-------- Exercise inputs
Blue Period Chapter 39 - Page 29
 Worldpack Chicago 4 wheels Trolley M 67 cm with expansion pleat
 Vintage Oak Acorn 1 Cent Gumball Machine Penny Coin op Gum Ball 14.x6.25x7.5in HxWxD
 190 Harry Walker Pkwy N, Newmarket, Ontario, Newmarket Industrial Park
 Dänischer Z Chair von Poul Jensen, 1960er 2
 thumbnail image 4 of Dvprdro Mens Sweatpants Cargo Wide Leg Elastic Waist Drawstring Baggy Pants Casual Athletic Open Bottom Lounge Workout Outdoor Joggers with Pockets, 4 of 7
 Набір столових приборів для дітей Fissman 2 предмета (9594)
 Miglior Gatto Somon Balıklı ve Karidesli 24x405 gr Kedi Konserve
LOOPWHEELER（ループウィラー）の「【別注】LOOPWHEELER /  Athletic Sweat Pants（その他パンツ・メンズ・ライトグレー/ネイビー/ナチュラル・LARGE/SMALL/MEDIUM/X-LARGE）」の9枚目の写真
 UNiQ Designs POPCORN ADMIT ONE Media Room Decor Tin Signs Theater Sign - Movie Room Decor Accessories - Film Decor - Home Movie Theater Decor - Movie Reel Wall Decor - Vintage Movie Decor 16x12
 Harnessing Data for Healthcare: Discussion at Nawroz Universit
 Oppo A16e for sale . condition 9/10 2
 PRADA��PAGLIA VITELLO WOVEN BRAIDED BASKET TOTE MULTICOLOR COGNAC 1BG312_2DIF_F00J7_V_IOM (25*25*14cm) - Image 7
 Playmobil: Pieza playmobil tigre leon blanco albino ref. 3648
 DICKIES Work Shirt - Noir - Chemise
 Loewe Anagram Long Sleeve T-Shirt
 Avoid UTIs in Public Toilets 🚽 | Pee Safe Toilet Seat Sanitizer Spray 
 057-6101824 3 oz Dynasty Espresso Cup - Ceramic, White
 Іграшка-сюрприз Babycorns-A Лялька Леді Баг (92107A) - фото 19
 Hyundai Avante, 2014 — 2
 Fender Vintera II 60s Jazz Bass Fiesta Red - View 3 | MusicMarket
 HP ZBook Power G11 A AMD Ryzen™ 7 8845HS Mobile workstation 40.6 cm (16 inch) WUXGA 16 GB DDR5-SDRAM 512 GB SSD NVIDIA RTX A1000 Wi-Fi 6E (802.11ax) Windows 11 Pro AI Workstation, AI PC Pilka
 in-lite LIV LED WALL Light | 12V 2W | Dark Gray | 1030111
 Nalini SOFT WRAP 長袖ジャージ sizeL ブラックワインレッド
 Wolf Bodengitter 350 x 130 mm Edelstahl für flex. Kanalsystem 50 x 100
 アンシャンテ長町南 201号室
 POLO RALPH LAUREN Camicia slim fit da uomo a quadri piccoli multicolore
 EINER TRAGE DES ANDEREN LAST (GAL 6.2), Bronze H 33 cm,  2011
----------------
Problem to work on - Check the listing above for lines containing the string "Shirt", and copy each one.

Task solution -
 DICKIES Work Shirt - Noir - Chemise
 Loewe Anagram Long Sleeve T-Shirt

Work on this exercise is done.